Much of the performances also reveal themselves as too earnest, too full of fresh actor energy. If being confined in a dilapidated prison for 400 days should communicate anything, it should be exhaustion, yet here each interaction feels a little too expansive, the performative and perfunctory dialogue ringing false amidst the backdrop of the stark confines of our leads. Still, the film does liven up during it’s court proceedings, where the terrifyingly cold and passive Judge Nagy (Majid Shokor) dismisses clear evidence and shrugs off efforts by defense lawyers to allocate some sense to the case. These shocking and depressing legal misconducts add real fuel to the embers, and it’s a fine choice to force us to watch each court interaction from behind the hard-wire cage of the men who are unfairly presumed guilty.
In an effort to draw up a stronger emotional core to Greste, the film intersperses a series of flashbacks that reveals the murder of his BBC journalist colleague Kate Peyton, who was shot in Mogadishu in 2005. Kate’s story is tragic but The Correspondent fails to justify its extensive retelling from Peter’s point-of-view, the film too unclear on how this informs Peter’s sense of guilt and its parallels to his Egyptian imprisonment. It’s the kind of subplot a memoir can effectively manage, but in cinema it’s addition feels superfluous when so much of the present ordeal remains unexplored.

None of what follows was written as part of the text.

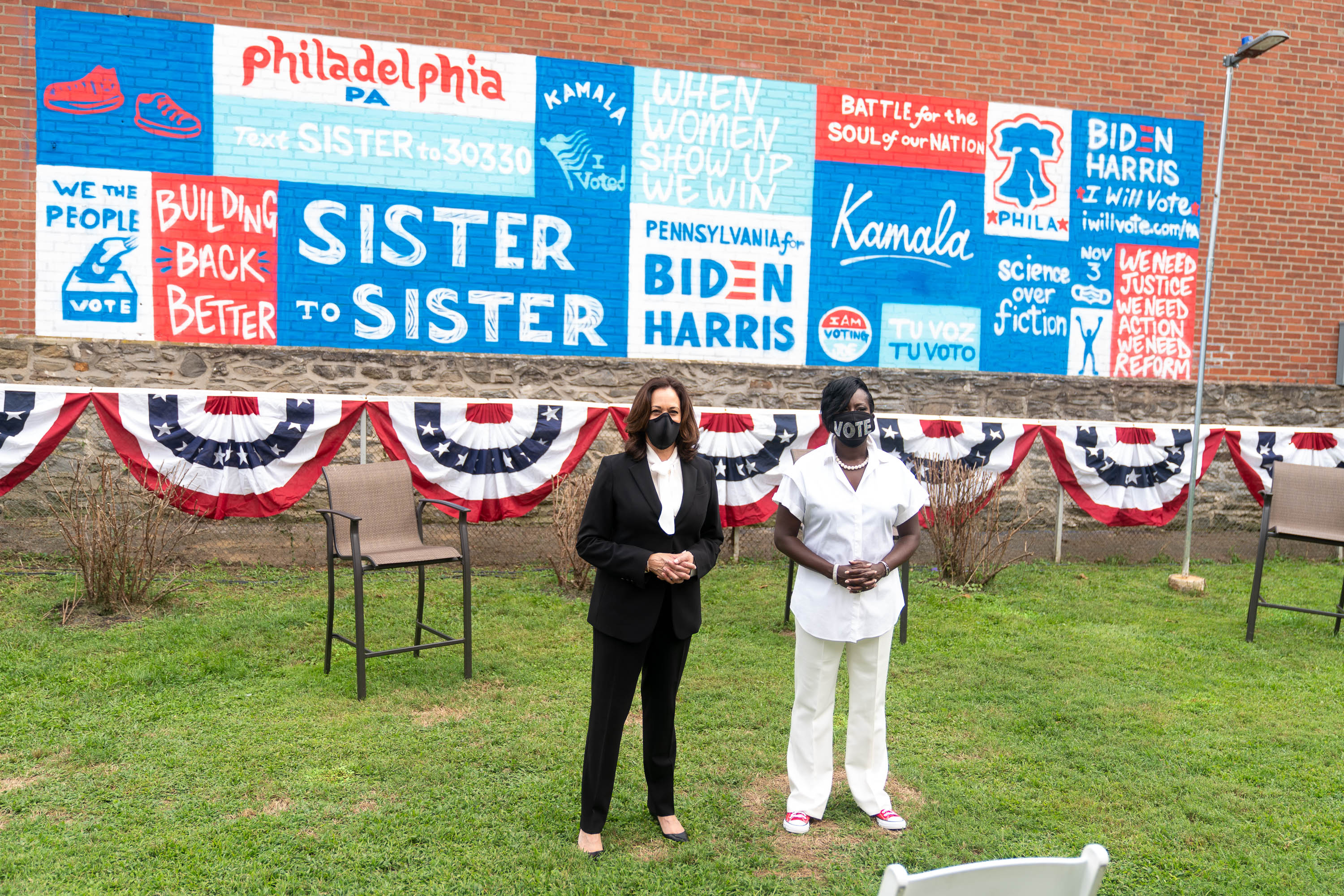 Then Sen. Kamala Harris stands with 9th District Councilmember Cherelle Parker at September’s Sister Sister event in Northwest Philadelphia.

As an act of world-building, the film has a limited visual syntax, over-reliant on constant long-lens close-ups and copious amounts of lens flares obstructing each one. The close-ups I accept in theory – the long-lenses make the walls close in and close ups make the frame feel catastrophic, but the choice so often limits the sense of place that the film feels environmentally empty. In so many prison movies, the prison itself is a vital ingredient, the very smallness of the space and texture of the walls being a character in itself. Here, the visual choices limit our understanding of how it feels to be inside those walls. As for the lens flares, the over-reliance on their effect screams out that this film needs more visual invention. A movie like Steve McQueen’s Hunger (2008) uses the bleak and dark stillness of wide angles to strangle you in its prison space of empty, monochrome starvation. The suffering of the Maze Prison is alive in every frame, whereas The Correspondent ultimately disconnects us from this reality by keeping it blurred behind the heads of its characters.
By the final title card, we’re reminded of the nobility of this story: that hundreds of journalists have either died or remain imprisoned for doing their work and reporting the required first draft of history. The Correspondent communicates its agreeable intentions effectively, but it fails to convince us that this particular depiction of injustice can stretch beyond mediocrity.